Software Module Load Command
slurm module load wulver

Please note that the module wulver is already loaded when a user logs in to the cluster. If you use module purge command, make sure to use module load wulver in the slurm script to load SLURM.

Application Information, Documentation

The documentation of SLURM is available at SLURM manual.

Managing and Monitoring Jobs

SLURM has numerous tools for monitoring jobs. Below are a few to get started. More documentation is available on the SLURM website.
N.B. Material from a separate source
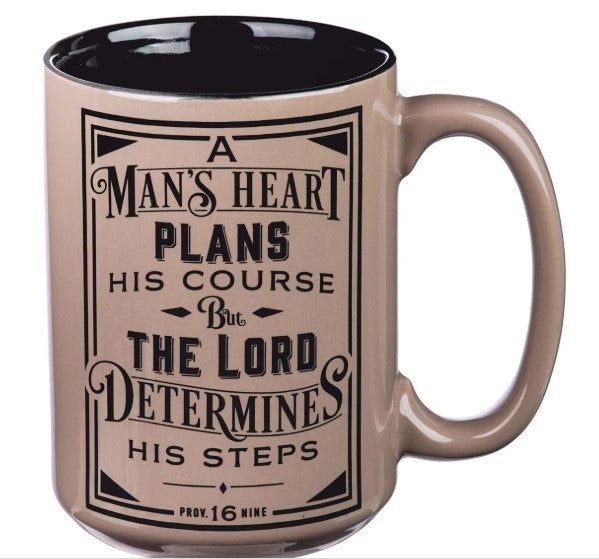 A Man's Heart Brown Ceramic Coffee Mug - Proverbs 16:9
The most common commands are:

  • List all current jobs: squeue
  • Job deletion: scancel [job_id]
  • Run a job: sbatch [submit script]
  • Run a command: srun <slurm options> <command name>

SLURM User Commands

Task Command
Job submission: sbatch [script_file]
Job deletion: scancel [job_id]
Job status by job: squeue [job_id]
Job status by user: squeue -u [user_name]
Job hold: scontrol hold [job_id]
Job release: scontrol release [job_id]
List enqueued jobs: squeue
List nodes: sinfo -N OR scontrol show nodes
Cluster status: sinfo

Using SLURM on Wulver

In Wulver, SLURM submission will have new requirements, intended for a more fair sharing of resources without impinging on investor/owner rights to computational resources. All jobs must now be charged to a PI-group (Principal Investigator) account.

Account (Use --account)

To specify the job, use --account=$PI_ucid. You can specify --account as either an sbatch or #SBATCH parameter. If you don't know the UCID of PI, usequota_info, and you will see SLURM account you sre associated with. Check quota_info for details.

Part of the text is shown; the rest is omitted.